## Work instructions:
For this exercise, copy out each line of the material below that includes "House".

** Exercise materials follows **

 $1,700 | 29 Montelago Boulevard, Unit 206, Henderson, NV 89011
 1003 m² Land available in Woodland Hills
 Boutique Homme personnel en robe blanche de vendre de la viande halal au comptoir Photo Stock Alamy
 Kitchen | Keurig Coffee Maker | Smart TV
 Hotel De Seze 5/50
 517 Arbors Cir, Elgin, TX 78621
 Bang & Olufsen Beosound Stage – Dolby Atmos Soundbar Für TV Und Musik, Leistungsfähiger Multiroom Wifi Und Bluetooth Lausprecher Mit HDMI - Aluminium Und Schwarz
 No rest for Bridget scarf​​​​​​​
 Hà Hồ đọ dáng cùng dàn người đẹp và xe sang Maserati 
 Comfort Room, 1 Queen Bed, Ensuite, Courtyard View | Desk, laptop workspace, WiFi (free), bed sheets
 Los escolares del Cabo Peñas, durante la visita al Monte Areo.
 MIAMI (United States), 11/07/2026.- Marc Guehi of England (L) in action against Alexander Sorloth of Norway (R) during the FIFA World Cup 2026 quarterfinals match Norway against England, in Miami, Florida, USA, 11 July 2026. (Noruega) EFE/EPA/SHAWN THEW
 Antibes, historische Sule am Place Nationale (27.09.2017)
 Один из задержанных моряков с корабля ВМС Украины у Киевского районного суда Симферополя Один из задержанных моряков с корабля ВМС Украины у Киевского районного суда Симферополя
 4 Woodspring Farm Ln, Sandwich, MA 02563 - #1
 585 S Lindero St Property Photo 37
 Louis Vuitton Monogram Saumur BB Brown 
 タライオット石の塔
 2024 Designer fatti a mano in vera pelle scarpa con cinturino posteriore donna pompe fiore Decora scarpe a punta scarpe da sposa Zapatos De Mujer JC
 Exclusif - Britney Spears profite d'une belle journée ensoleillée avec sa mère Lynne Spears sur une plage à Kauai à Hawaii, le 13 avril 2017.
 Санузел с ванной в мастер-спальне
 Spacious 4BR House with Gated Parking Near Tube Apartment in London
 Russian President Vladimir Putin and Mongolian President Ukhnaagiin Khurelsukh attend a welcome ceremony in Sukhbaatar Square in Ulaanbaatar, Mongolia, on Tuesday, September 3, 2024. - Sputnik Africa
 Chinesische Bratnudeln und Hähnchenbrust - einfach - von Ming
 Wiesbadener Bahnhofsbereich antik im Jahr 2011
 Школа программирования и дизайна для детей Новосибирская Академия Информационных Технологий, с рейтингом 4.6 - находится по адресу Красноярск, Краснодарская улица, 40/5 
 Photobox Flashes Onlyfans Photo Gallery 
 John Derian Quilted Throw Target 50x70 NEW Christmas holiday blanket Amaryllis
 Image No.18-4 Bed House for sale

** End of Exercise materials **

## Answer to this exercise:
 Spacious 4BR House with Gated Parking Near Tube Apartment in London
 Image No.18-4 Bed House for sale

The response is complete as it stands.